運命は時に残酷なものである。私に手招きしたのは、あの睨む女性店員だった。女性店員はレジ打ちをする時も商品に目を向けるのではなく私を注視しているように思えた。中国で当たり前とは聞いていたが、レジ袋に買った商品を投げ込んだり、硬貨をトレーに投げ入れたりするその店員の姿が目つきと相まってとても冷たく感じられた。もう明日はこのFamily Martには行くまいと心に決めて自動ドアへの一歩を踏み出した時、私の耳はワンフレーズの日本語を聞き取った。「ありがとうございました。」カタコトであるが、はっきりと聞こえた。声のする方向を振り向いてみると、それはあの女性店員だった。

ホテルに戻るや否や一連の出来事を説明する私に先輩のAさんは異なる解釈を指摘した。「睨んでいたのではなく、1人で店内を歩く外国人の君を気にかけていたんじゃないの。」と。だとすると、帰り際の「ありがとうございました」は彼女なりのおもてなしの精神から発された挨拶だったかもしれない。私の中でその夜何度も何度も、カタコトの「ありがとうございました。」が反芻された。

今日、日本各地で中国人を目にする。日本政府観光局による2018年の訪日中国人は、838100人だそうだ。私達にとって中国人はとても身近な外国人観光客だと言える。しかしこれまで自分から日本で中国人に声をかけたことはなかった。ある日電車に乗っていると、ずっとGoogle MAPで目的地を探している中国人観光客を見かけたことがある。明らかに困っているようだったが、声をかけられなかった。

「おもてなし」は日本人の繊細な心配りの代名詞だとこれまで私は信じてきた。しかし私達一人一人に照らし合わると、日本での「おもてなし」はガイドブックやキャッチコピーとしての企業やマスメディアが主導するプロパガンダであって、外国人に対して本当にその精神を持っているのかは定かではない。

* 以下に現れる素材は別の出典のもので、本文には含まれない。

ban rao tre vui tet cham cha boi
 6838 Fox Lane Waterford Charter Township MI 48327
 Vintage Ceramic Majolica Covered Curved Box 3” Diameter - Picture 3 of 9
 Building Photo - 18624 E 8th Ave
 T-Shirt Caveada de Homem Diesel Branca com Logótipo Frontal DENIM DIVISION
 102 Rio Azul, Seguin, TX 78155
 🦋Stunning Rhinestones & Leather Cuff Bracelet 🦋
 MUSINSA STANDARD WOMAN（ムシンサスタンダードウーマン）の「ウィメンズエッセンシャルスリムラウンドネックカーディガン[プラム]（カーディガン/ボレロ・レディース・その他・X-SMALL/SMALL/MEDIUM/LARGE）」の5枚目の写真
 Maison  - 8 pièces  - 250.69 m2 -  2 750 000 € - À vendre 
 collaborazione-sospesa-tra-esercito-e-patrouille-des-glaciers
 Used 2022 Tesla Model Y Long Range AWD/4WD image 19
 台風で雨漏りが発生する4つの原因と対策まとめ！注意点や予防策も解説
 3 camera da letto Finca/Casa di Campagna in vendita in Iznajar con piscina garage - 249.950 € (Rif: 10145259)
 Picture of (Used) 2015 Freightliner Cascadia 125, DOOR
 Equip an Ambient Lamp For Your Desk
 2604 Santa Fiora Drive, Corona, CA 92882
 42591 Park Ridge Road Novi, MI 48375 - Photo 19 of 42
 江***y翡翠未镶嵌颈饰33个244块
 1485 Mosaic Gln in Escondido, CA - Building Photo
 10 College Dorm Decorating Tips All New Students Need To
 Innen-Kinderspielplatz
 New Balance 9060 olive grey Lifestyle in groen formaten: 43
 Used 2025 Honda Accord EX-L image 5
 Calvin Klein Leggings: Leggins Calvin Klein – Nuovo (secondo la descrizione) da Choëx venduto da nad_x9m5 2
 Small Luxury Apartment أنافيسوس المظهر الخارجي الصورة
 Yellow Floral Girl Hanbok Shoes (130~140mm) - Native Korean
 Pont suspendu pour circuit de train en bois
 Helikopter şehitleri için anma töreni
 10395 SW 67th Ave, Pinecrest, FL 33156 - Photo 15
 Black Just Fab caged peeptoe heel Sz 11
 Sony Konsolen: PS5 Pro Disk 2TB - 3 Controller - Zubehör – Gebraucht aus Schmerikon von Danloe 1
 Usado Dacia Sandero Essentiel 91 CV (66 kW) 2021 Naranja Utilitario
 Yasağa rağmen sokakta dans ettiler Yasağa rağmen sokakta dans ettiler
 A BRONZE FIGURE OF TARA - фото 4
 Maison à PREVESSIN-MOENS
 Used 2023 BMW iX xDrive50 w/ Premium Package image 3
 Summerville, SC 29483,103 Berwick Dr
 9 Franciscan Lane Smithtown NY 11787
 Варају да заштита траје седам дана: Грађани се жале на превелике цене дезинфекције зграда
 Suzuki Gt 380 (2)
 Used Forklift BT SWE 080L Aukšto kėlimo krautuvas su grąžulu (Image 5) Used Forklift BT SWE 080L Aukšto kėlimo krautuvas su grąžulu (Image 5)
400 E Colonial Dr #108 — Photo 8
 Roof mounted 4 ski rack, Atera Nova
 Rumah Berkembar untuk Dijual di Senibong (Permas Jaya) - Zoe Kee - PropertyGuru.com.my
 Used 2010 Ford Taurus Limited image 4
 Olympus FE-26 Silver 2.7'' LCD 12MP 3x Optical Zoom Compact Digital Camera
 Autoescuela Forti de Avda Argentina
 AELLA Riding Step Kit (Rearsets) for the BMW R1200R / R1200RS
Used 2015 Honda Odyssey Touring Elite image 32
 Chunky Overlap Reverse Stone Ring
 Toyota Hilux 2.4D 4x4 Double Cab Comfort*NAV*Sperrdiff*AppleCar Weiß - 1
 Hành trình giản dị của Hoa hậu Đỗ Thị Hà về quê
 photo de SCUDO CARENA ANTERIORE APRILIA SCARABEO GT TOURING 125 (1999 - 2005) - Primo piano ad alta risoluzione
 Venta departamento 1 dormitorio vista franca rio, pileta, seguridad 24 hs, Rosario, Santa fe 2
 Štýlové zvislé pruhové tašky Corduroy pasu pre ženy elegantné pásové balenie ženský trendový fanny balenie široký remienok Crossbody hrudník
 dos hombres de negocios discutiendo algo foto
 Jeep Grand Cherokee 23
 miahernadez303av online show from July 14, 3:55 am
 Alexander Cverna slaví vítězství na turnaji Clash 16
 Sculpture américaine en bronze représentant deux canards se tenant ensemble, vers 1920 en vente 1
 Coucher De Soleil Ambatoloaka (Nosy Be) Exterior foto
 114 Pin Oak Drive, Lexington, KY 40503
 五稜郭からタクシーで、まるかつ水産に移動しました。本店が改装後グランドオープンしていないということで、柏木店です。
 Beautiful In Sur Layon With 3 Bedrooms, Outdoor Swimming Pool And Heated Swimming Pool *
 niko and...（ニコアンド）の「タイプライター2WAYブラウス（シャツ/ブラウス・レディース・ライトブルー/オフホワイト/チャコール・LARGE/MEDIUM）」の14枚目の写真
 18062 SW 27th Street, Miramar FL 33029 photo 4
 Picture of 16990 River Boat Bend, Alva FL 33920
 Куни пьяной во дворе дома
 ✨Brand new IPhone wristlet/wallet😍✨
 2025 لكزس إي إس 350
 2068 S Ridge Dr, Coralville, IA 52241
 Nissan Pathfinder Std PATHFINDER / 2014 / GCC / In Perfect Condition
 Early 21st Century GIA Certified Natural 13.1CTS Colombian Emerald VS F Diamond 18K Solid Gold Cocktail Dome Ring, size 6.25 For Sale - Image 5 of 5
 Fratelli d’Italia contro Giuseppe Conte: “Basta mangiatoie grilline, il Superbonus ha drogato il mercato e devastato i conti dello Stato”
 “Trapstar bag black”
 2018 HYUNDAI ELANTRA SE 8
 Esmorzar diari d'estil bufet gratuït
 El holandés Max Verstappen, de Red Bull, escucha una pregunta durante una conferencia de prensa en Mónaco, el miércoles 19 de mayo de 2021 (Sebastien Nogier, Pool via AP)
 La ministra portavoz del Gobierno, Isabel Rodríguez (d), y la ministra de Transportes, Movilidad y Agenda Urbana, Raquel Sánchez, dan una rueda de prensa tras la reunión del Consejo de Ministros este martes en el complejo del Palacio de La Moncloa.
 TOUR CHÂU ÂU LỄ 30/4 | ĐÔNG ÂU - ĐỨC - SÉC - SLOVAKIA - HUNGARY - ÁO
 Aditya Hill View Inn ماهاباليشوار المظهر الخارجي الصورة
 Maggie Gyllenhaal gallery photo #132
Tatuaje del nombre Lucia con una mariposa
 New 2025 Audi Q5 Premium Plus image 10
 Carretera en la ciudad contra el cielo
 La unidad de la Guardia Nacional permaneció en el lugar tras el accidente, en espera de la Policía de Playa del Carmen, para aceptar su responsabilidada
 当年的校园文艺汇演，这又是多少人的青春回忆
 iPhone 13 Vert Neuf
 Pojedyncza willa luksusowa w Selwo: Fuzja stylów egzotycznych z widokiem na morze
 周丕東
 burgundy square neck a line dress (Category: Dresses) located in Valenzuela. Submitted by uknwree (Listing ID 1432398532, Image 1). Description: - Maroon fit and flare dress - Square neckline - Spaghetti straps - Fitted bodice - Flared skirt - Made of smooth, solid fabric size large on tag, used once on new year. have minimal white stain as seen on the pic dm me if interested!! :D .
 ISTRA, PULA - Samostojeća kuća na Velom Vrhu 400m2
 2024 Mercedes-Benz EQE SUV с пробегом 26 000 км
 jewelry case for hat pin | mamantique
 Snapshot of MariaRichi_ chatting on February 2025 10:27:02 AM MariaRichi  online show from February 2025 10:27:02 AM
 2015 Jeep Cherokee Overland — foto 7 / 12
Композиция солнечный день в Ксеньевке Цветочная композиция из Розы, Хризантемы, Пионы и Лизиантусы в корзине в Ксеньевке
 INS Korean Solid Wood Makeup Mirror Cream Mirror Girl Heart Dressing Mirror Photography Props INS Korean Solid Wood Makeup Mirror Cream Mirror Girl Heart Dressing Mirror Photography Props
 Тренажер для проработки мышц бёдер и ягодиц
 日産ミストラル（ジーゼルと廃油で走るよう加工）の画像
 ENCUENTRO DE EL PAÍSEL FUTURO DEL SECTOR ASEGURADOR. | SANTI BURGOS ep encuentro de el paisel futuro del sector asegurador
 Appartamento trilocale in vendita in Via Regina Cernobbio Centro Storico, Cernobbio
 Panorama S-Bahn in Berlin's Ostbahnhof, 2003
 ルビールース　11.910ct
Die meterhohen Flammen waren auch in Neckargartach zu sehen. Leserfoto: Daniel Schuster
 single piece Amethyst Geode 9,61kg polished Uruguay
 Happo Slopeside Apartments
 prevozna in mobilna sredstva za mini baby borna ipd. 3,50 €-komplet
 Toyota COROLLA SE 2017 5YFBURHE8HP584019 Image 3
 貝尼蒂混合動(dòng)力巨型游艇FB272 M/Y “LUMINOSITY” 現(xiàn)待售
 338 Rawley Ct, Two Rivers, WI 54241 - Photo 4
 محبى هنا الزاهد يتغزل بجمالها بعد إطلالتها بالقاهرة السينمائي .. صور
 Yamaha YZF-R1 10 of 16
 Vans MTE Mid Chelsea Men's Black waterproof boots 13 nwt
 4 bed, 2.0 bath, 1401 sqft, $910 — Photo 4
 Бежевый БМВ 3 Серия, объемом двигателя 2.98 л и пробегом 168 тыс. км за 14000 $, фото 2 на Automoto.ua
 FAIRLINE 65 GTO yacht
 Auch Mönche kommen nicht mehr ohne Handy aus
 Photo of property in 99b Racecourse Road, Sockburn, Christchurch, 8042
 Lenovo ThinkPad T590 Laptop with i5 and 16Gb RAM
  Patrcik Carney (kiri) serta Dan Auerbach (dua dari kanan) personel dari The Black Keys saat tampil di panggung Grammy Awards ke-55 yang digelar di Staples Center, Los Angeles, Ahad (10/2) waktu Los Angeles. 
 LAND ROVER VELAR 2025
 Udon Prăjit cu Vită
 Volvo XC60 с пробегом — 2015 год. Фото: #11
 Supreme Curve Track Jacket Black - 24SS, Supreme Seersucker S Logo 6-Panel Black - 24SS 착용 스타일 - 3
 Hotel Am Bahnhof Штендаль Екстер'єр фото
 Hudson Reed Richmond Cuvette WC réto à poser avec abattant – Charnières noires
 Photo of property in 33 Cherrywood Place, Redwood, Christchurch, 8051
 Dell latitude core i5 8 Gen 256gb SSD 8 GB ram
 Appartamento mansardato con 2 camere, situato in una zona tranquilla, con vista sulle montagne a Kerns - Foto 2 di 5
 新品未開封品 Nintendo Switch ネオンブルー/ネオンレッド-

私の周りには中国人の図々しさや無神経さに苦言を呈する人もいるが、逆に街行く中国人に対して何か些細なことでも気にかけたことがあったのかと今こそ問いたい。

上海の目を指すようなビル明かりとネオンに照らされたFamily Martで働くあの店員は、日本人に対して帰り際「谢谢」ではなく「ありがとうございました」と伝えている。